# Miss Kitty



## don (Feb 26, 2003)

http://groups.msn.com/dcMidTex/misskitt ... lbumlist=2


Use this link to an album of pictures of Miss Kitty.


----------



## lexxie109 (Jan 20, 2003)

Don, edit your post and add a ] right after img and right before your link, then your picture should work.


----------



## catman (Oct 12, 2002)

don that link is to a picture of a flower. :roll:


with what host is your kitty picture located?


----------



## catman (Oct 12, 2002)

i see the kitty now very cute


----------



## lexxie109 (Jan 20, 2003)

Me too. Miss Kitty is very pretty!


----------



## LiCieWishy (Apr 2, 2003)

Miss Kitty is soo cute. I liked the one of her drinking from the glass...  My Marbles likes doing that too, even with a tall glass.

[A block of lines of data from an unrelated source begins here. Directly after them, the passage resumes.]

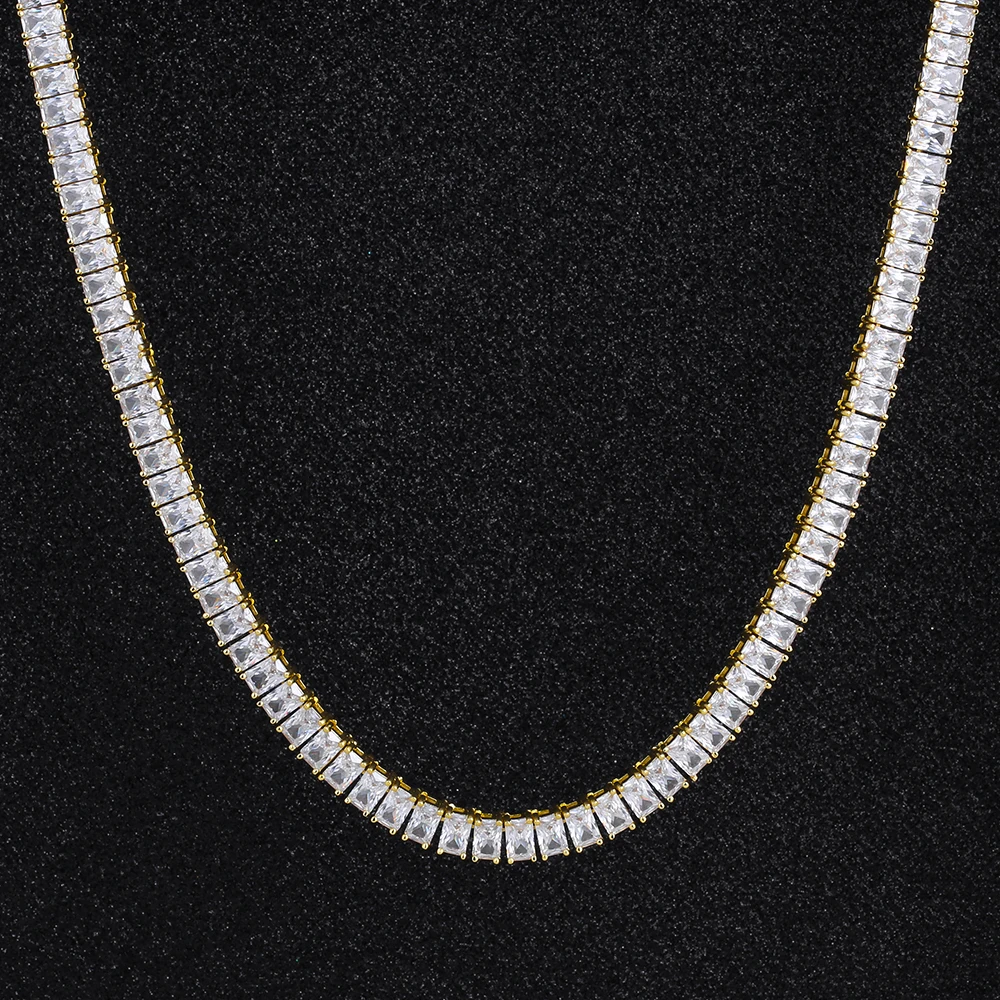 KRKC Drop Shipping 1pcs Service 4x6mm 14K Gold Plated Baguette CZ Diamond Tennis Necklace Chain Set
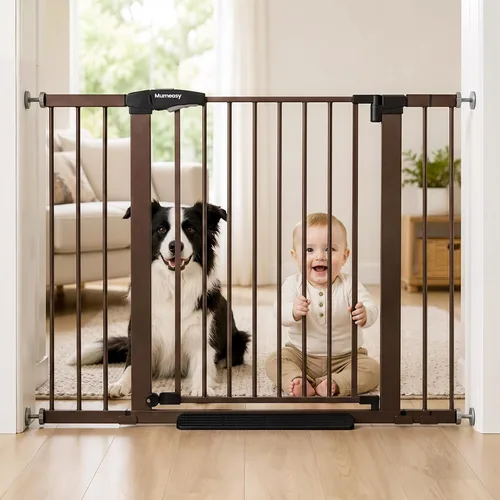 Vista 13 de Puerta de bebé para escaleras, puerta de perro con cierre automático de 29.7-43 pulgadas para puertas y pasillos, puerta para mascotas montada a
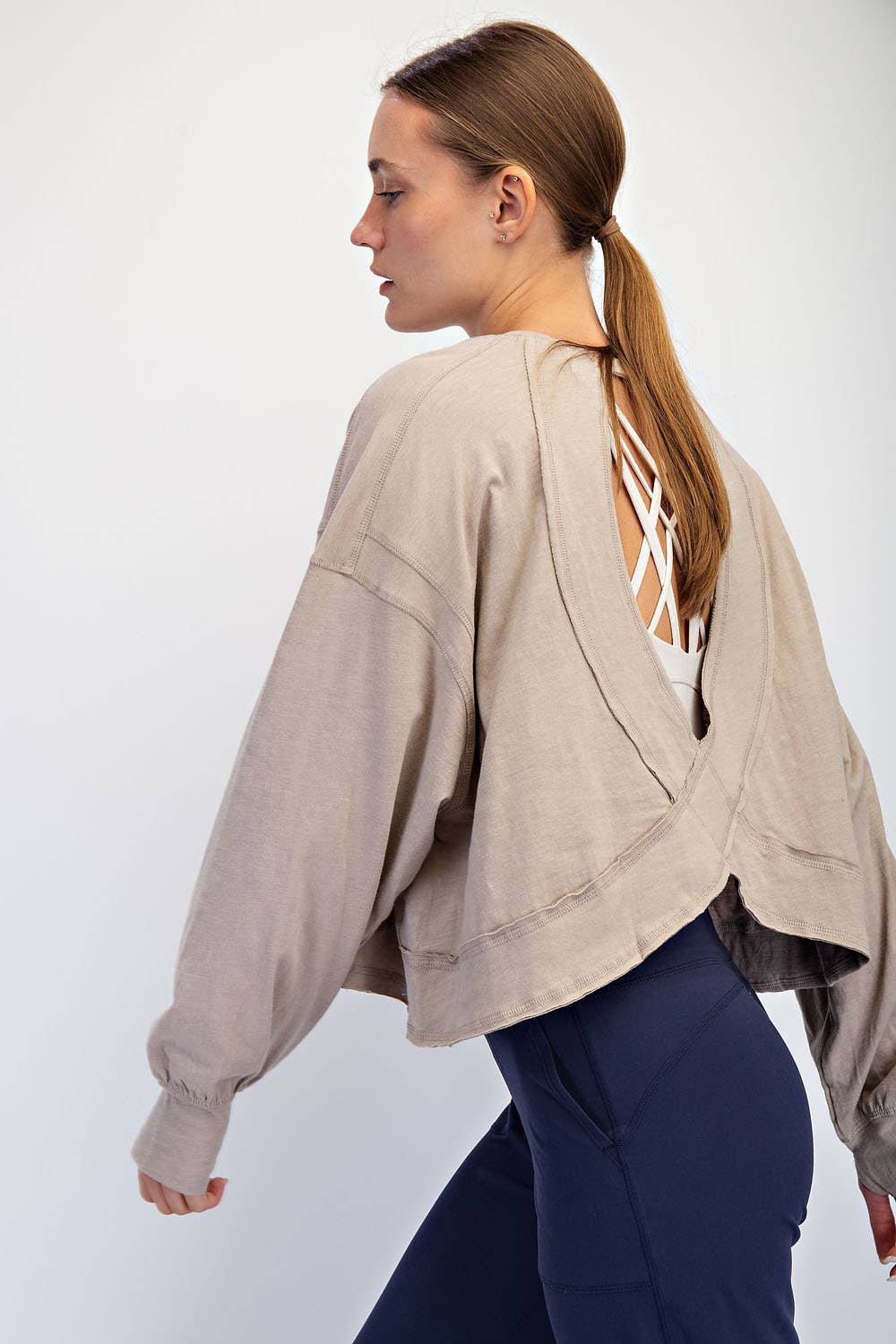 COTTON SLUB OPEN BACK LONG SLEEVE TOP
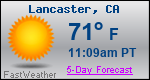 Weather Forecast for Lancaster, CA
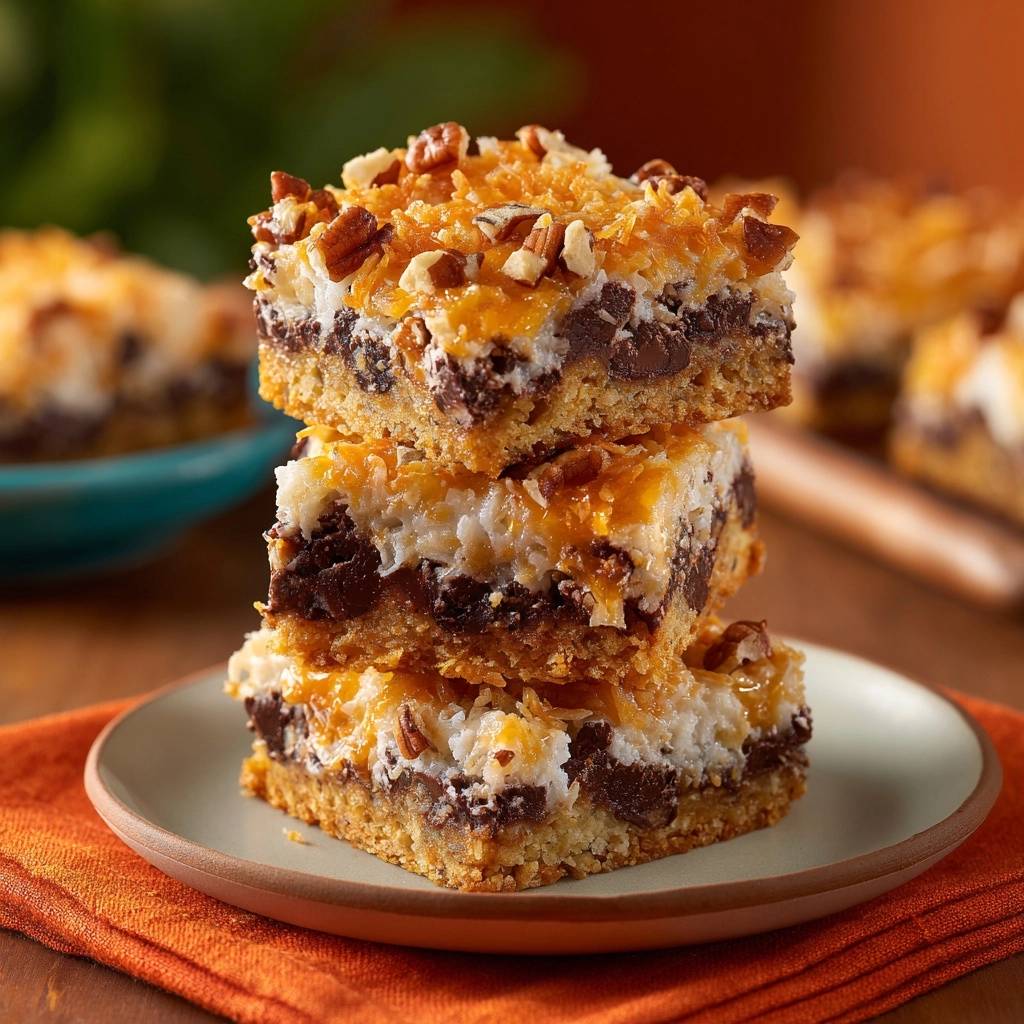 Coconut pecan chocolate magic bars with a crisp no-sog crust stacked on a plate.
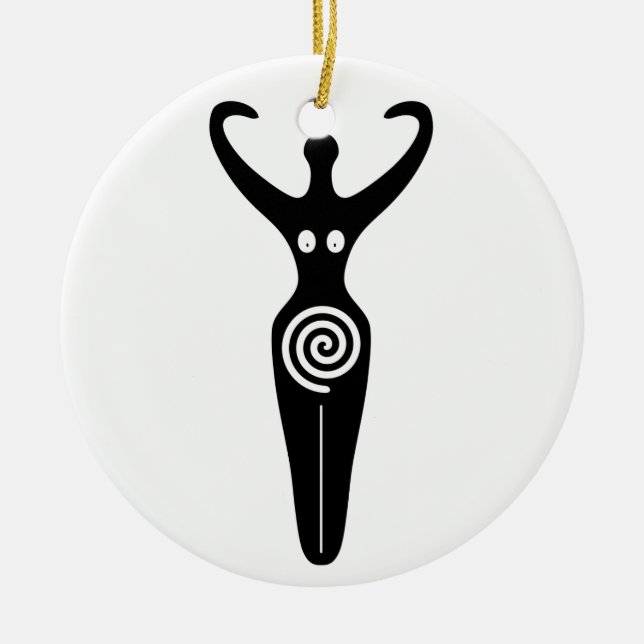Spiral Goddess Ceramic Tree Decoration (Front)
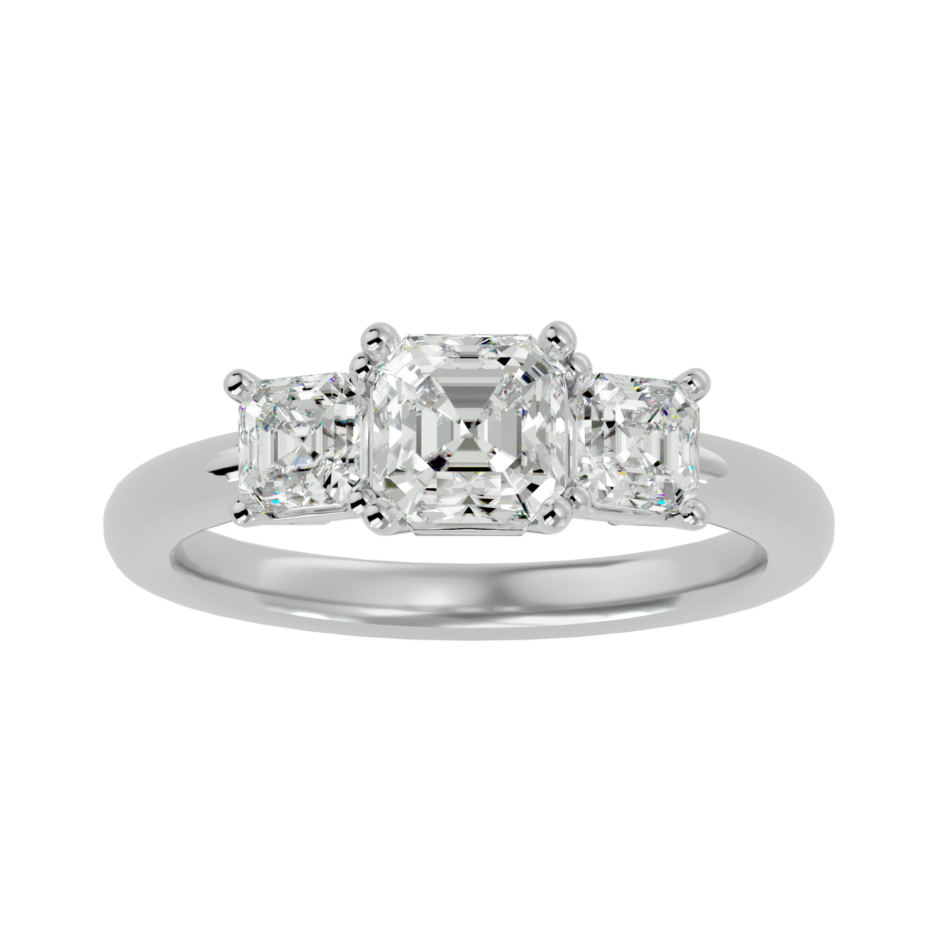 Asscher-Cut Three-Stone Lab-Grown Diamond Ring - Image 3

And gets his fat head stuck in it sometimes.


----------



## Niina (Mar 25, 2003)

My Kitty sends her greetings to Miss Kitty. :wink:


----------



## LiCieWishy (Apr 2, 2003)

Hi Niina...

Your Cats are beautiful... Casper's soo adorable and I liked the pic u had of Kitty when she was a kitten... belly up...so cute those little fuzzy spots!! Awwww....


----------



## Max&Ben (Feb 7, 2003)

You can tell Miss Kitty is a very happy cat. It is so nice to see these shots after the neglect I witness in my area. So many strays....it's very sad. I am thankful for spring though as they will no longer freeze at night. I just bought a 25Kg bag of dry food for April, with any luck I can fatten up my strays before summer starts. I don't want them rooting through the garbage looking for food. 

Miss Kitty is one lucky lady!


----------



## Niina (Mar 25, 2003)

LiCieWishy said:


> Hi Niina...
> 
> Your Cats are beautiful... Casper's soo adorable and I liked the pic u had of Kitty when she was a kitten... belly up...so cute those little fuzzy spots!! Awwww....


Thank you :lol:


----------